Welcome Feelings

3 mins reading and ?? mins viewing


‘The welcome should consist of warmly welcoming your students to this unit. Introduce yourself and provide a general introduction to what the unit is about…’ (copied from template)

Well, that’s what I’m supposed to do here.

When writing one of these welcome messages, I’m reminded of a family holiday to the Gold Coast when I was in my first year of uni. During this holiday, my sister bought postcards to send to her friends. On these postcards, she simply wrote:

I don’t want to write it. You don’t want to read it.

I agree. Watch this video instead.

Welcome to the unit.



*          *          *

That’s how I start most of the introductory Unit Guides in courses I teach. In any given trimester, students will (kind of) read up to 4 of these identically formatted documents, which provide a broad outline of learning experiences, topics, and assessment tasks. They’ve gotten shorter the years (the documents, not the students) and are now less than half the size from when I was a student myself at Deakin University.

Photo by Aaron Burden on Unsplash
Photo by Aaron Burden (free use via Unsplash)

This blog isn’t designed to dismiss the importance of welcoming students, but rather to emphasise the importance of finding a better way. While my indolent sister would never have made one, a video is a much better way – and it’s not just me saying it. The presence of a ‘video welcome message from the Unit Chair’ has been enshrined in Deakin policy as a ‘minimum standard’ for a few years now.

Welcome videos can be an immensely useful means of reaching all (or at least most) students and making a connection between them, teaching staff, and the learning resources from the beginning.
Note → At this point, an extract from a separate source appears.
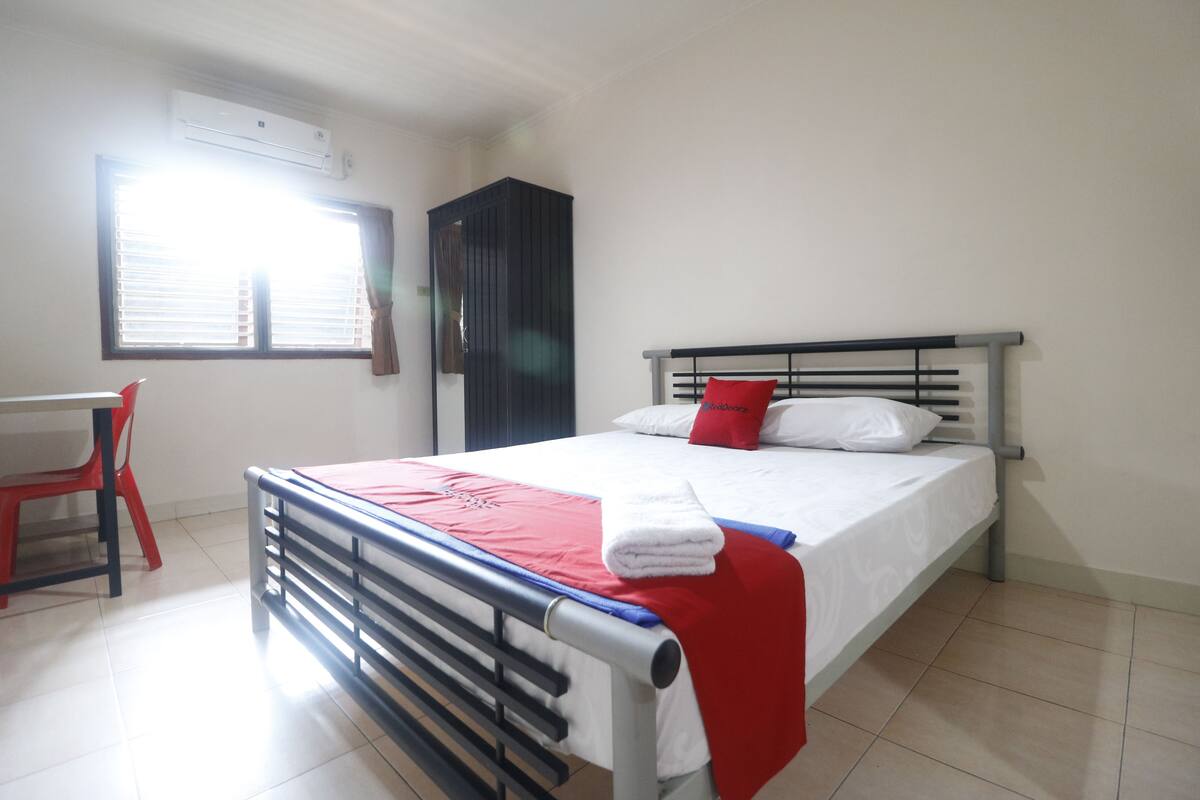 A bedroom with a bed, a desk, and a chair.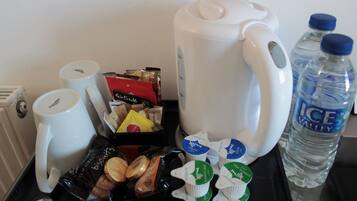 Una bandeja con cafetera, tazas, galletas, cartones de leche y una botella de agua.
Here’s my most most recent and most used welcome video:

There is no one ‘correct’ way to make a welcome video, but some general advice I would give is to:

  1. Be visible. Appear on camera for at least part of the video, perhaps at the start and end, to really make a connection.
  2. Be positive. You can make expectations clear, but there’s no need to scare people… not until Week 2, anyway.
  3. Be brief. Provide a broad sense of what the unit involves without getting held up on the details.
  4. Be relaxed. No need for a beach chair and sun lotion, but try to set the tone for Week 1 (even if it’s only relaxed momentarily).
  5. Be different. If you want to make it really effective, try something different – from either the norm or what you did last time. It’s never as exciting when they all look the same…
welcoming cat by open-arms (CC BY-NC-ND 2.0).jpg
welcoming cat by open-arms (CC BY-NC-ND 2.0)
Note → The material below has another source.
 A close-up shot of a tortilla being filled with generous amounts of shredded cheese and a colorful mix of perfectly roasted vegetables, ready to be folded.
You don’t need to spend several days making an ‘epic narrative’ like I did for the video above, but 5 rushed minutes in front of a webcam will communicate a lot to students as well.
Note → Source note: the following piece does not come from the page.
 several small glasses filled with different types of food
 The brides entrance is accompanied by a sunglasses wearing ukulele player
Some extra and more detailed advice can be found in a video I made for colleagues in 2015 called Making Welcome Videos for University Teaching. I no longer agree with all of the advice I gave in that video – for instance, being on screen is now less ‘optional’ in my eyes – but most of it still fits. If for nothing else, the video highlights how much my own video-making has improved with some practice and, more importantly, how students respond to being welcomed in this form (see the extract below):

Here are two more examples of welcome videos I’ve made in 2013 and 2016 respectively, in case they might provide some ideas for your own video-making.

It’s worth noting that while these videos were made for specific (and now discontinued) units, which limited their use in one sense, some of the ideas and footage within could be re-used elsewhere. I’ll come back to the theme of ‘recyclability’ in creative media-making in a future post…

Thanks for reading/watching. I’d love to hear about how you use welcome videos – and please feel free to get in touch if you’d like to chat about making videos for students in general…


Featured image: Welcome by Prayitno (CC BY 2.0)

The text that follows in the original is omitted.